◆ Task requirements: Once the line holding "monthly chart SyngeneInternatio" is found in the entries below, transcribe exactly every line up to and including the one holding "myntra.com KOMLI Pack", but leave out the pictures.

::::::::::

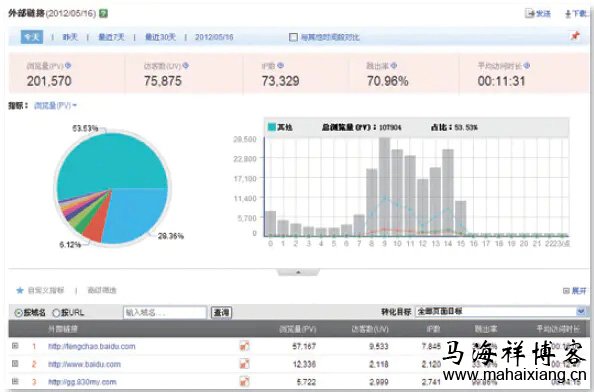 外部链接分析 百度《网站分析白皮书》深度解读-马海祥博客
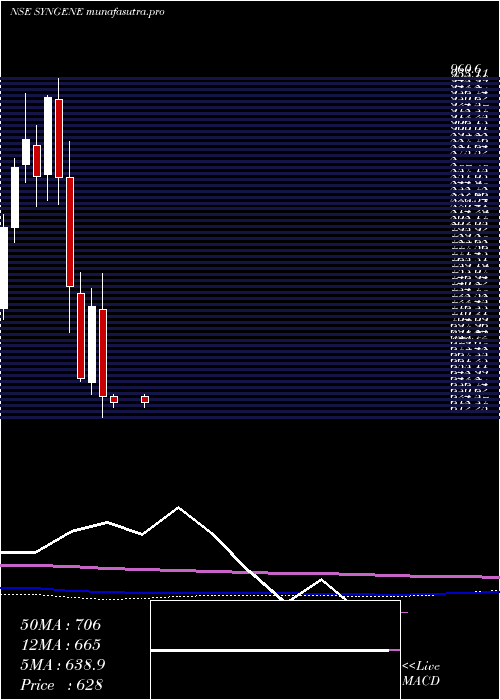  monthly chart SyngeneInternatio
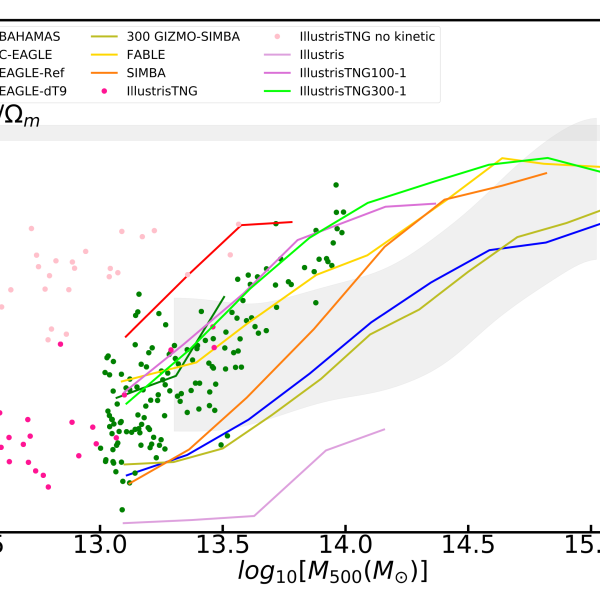 Fgas simulations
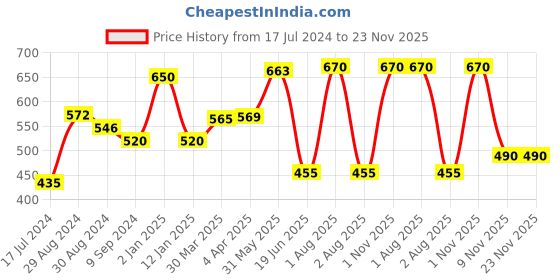 myntra.com KOMLI Pack Of 2 Lightly Padded Non-Wired Bra komli Price History Graph from 17 Jul 2024 to 23 Nov 2025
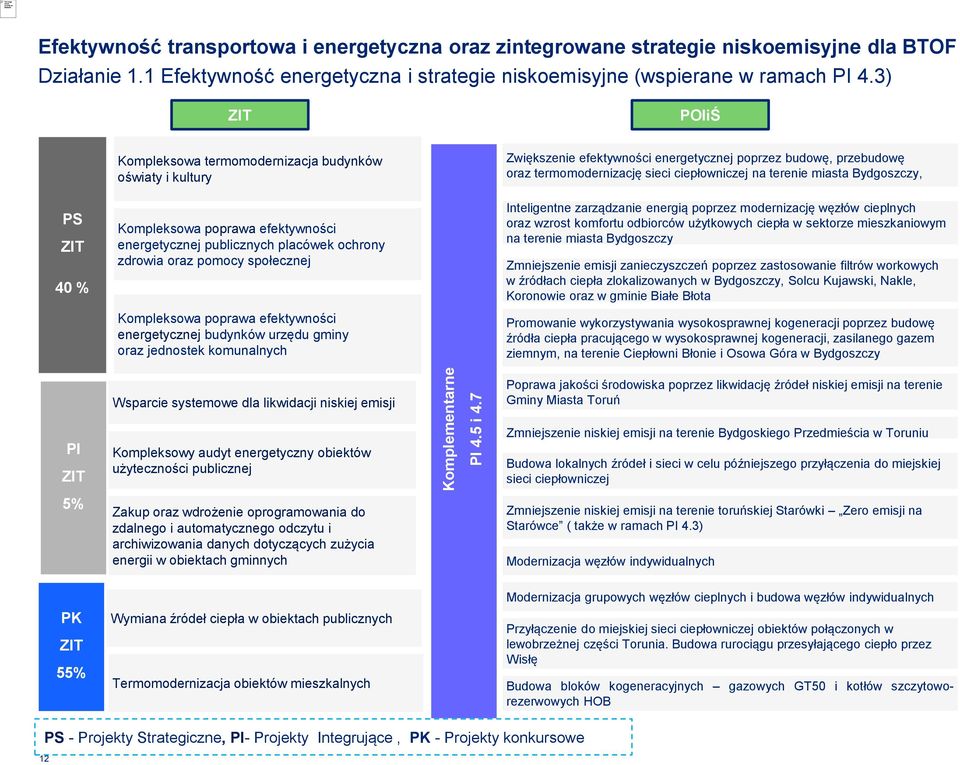 3) POIiŚ PS 40 % Kompleksowa termomodernizacja budynków oświaty i kultury Kompleksowa poprawa efektywności energetycznej publicznych placówek ochrony zdrowia oraz pomocy społecznej Kompleksowa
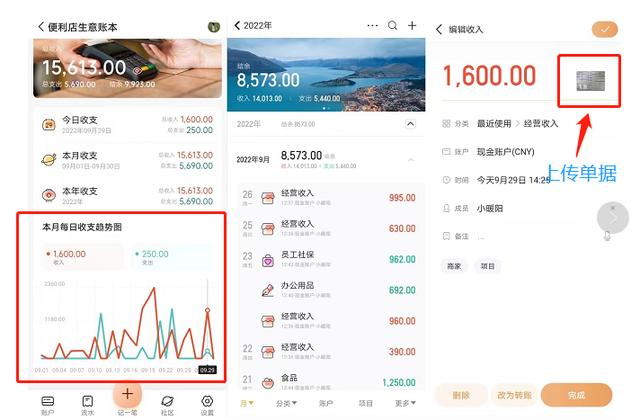 开一个便利店一年大概能赚多少(开一家24小时的便利店)(5)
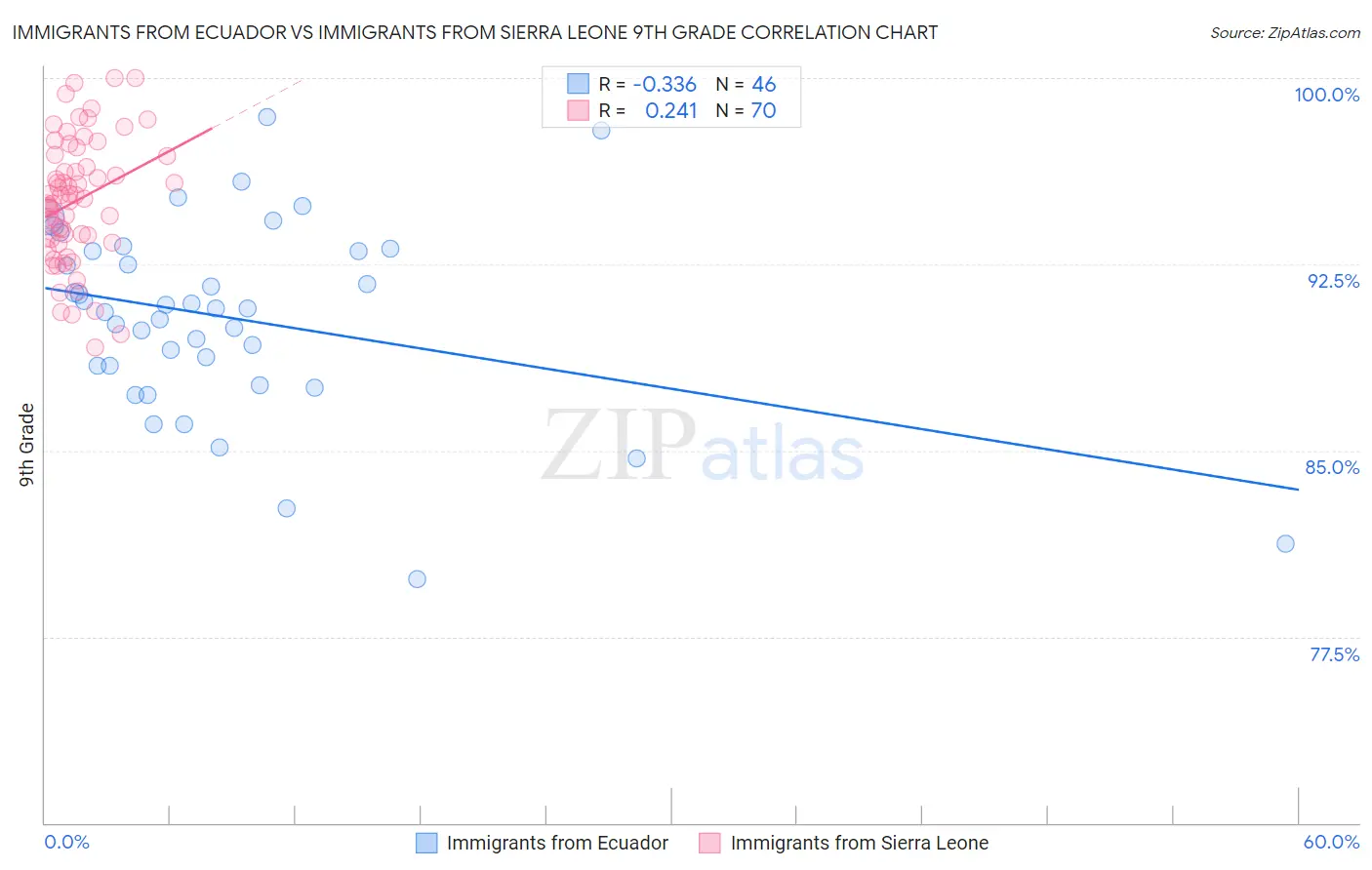 Immigrants from Ecuador vs Immigrants from Sierra Leone 9th Grade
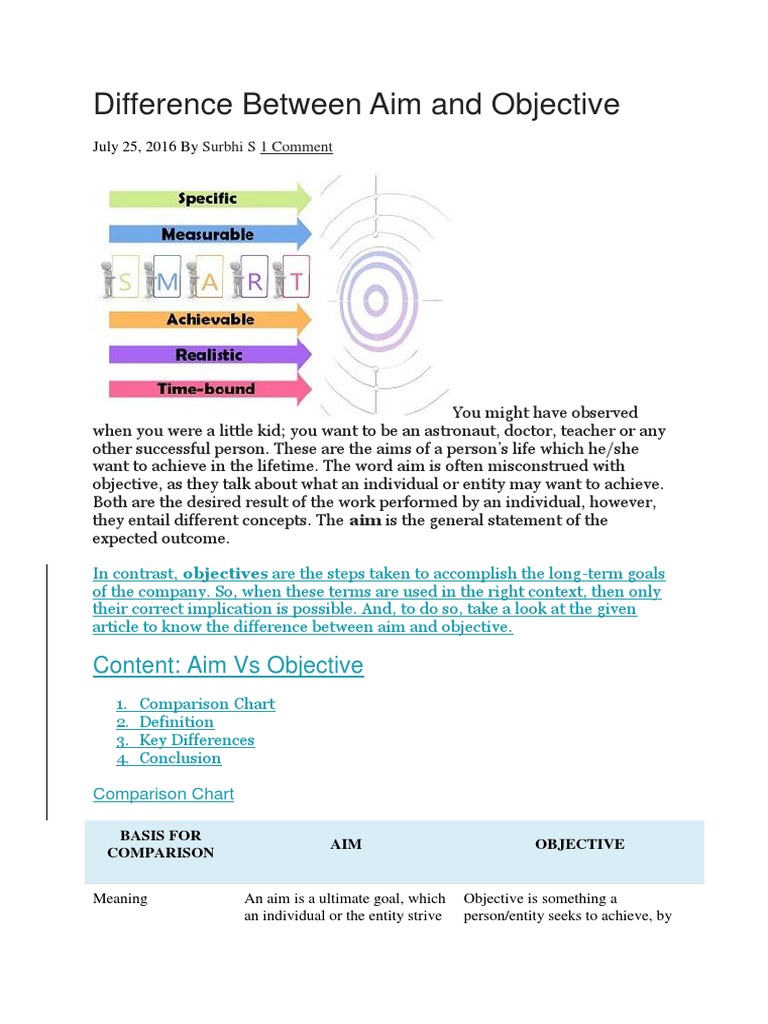Difference Between Aim and Objective PDF Goal Philosophical Theories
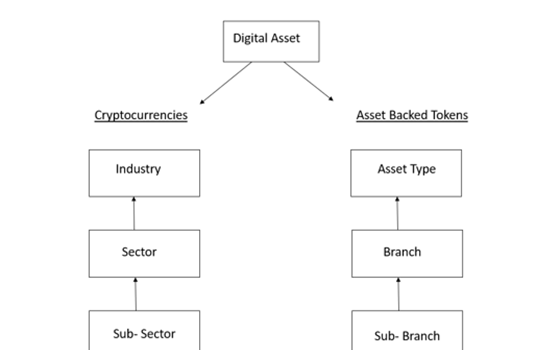 Results of the IX Digital Asset Industry Classification System (“DAICS®”) Review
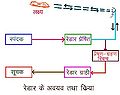 12:05, 13 फ़रवरी 2015 के संस्करण का थंबनेल संस्करण
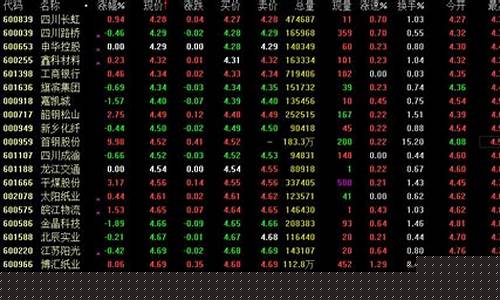 5元以下优质股票有哪些呢(2021年5元以下的股票有哪些)_https://www.gen-fastener.com_上期所_第1张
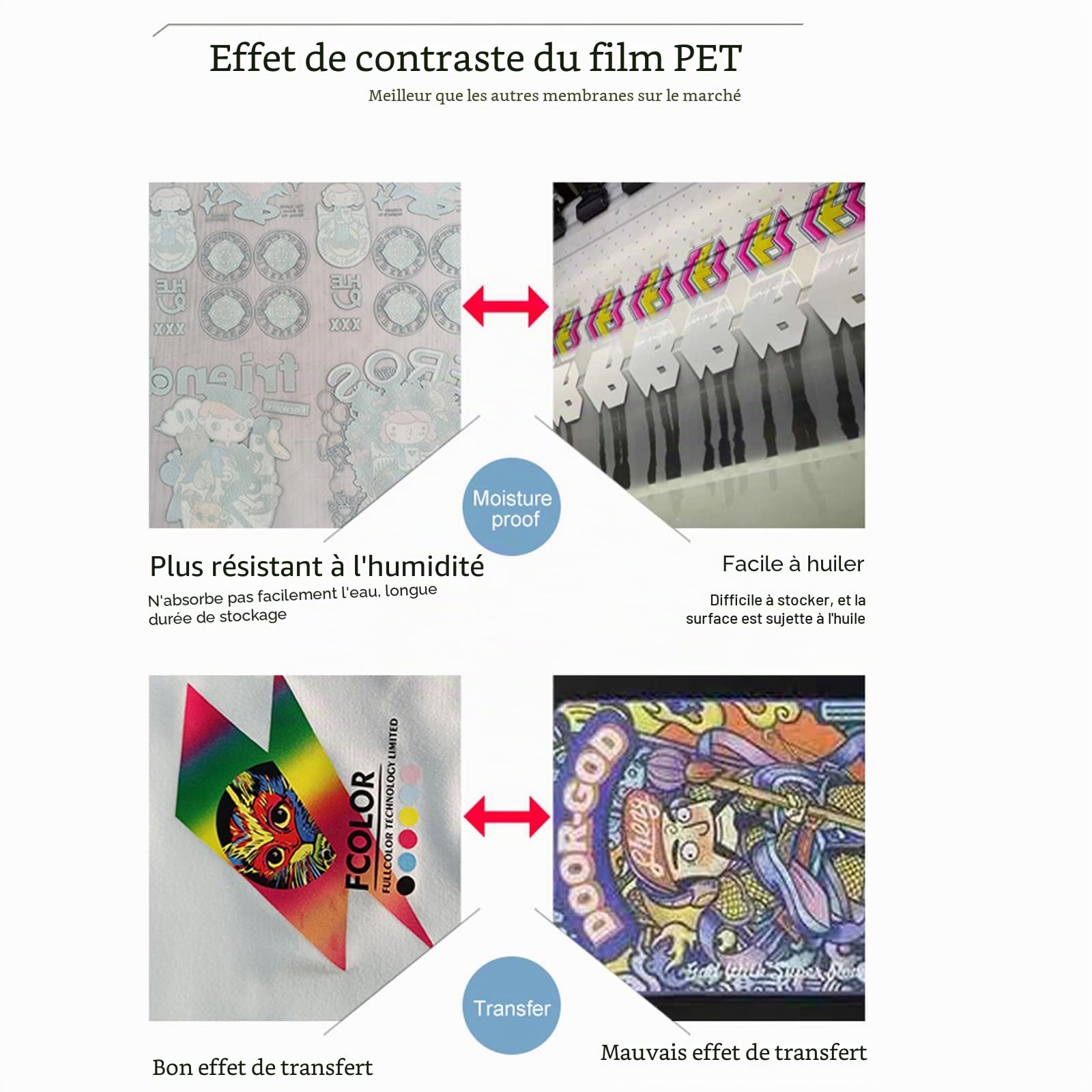 Papier Transfert DTF, 33cm x 100m Rouleau Brillant Film de Transfert Thermique PET pour Sublimation Rojets d'Impression DIY, Compatible avec Toutes les Imprimantes à Jet d'Encre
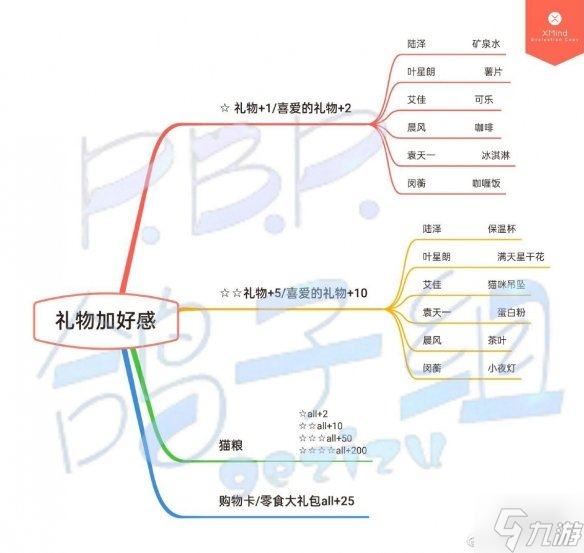 《筑夢(mèng)公館》新手送禮物攻略 筑夢(mèng)公館送禮物加好感大全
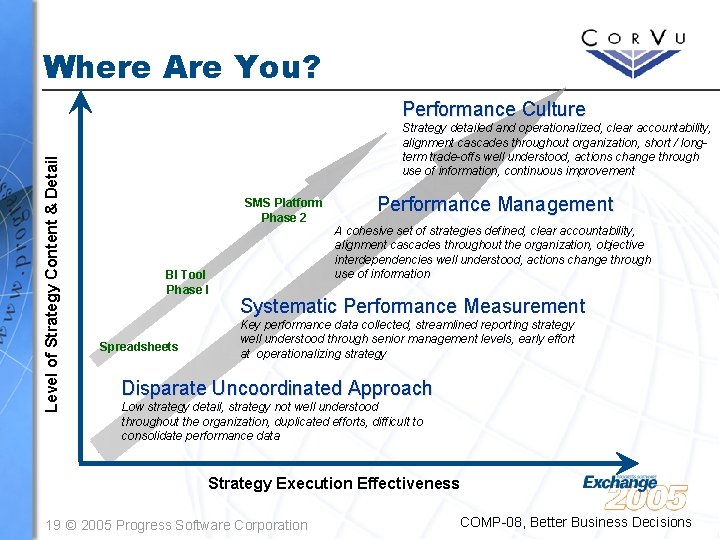 Where Are You? Level of Strategy Content & Detail Performance Culture Strategy detailed and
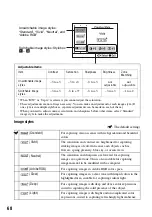 Preview for 68 page of Sony DSLR-A700K - alpha; Digital Single Lens Reflex Camera User'S And Troubleshooting Manual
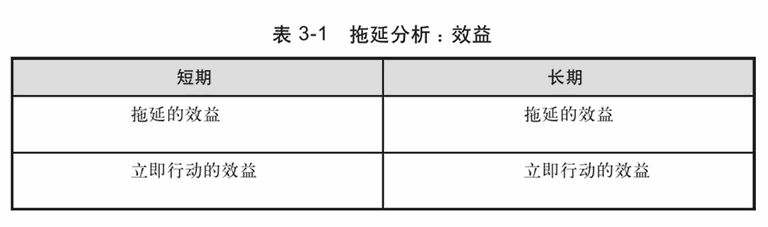 拖延分析：效益
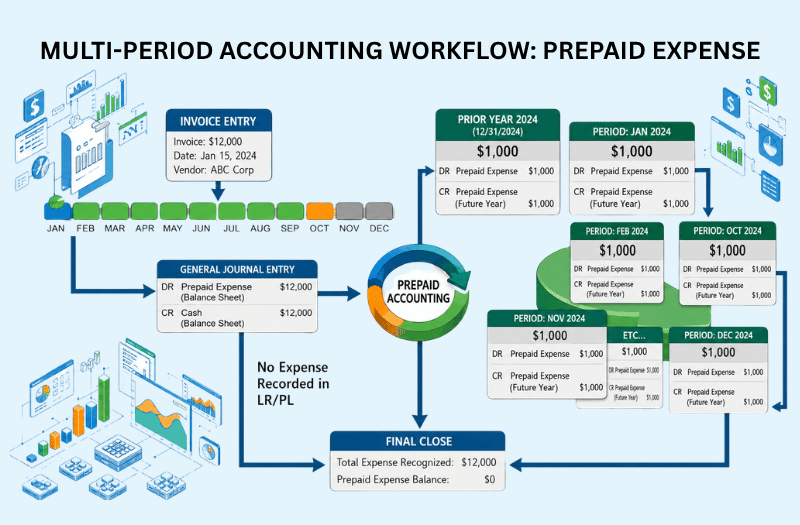 MULTI-PERIOD ACCOUNTING WORKFLOW: PREPAID EXPENSE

::::::::::

◆ Answer for this exercise:
  monthly chart SyngeneInternatio
 Fgas simulations
 myntra.com KOMLI Pack Of 2 Lightly Padded Non-Wired Bra komli Price History Graph from 17 Jul 2024 to 23 Nov 2025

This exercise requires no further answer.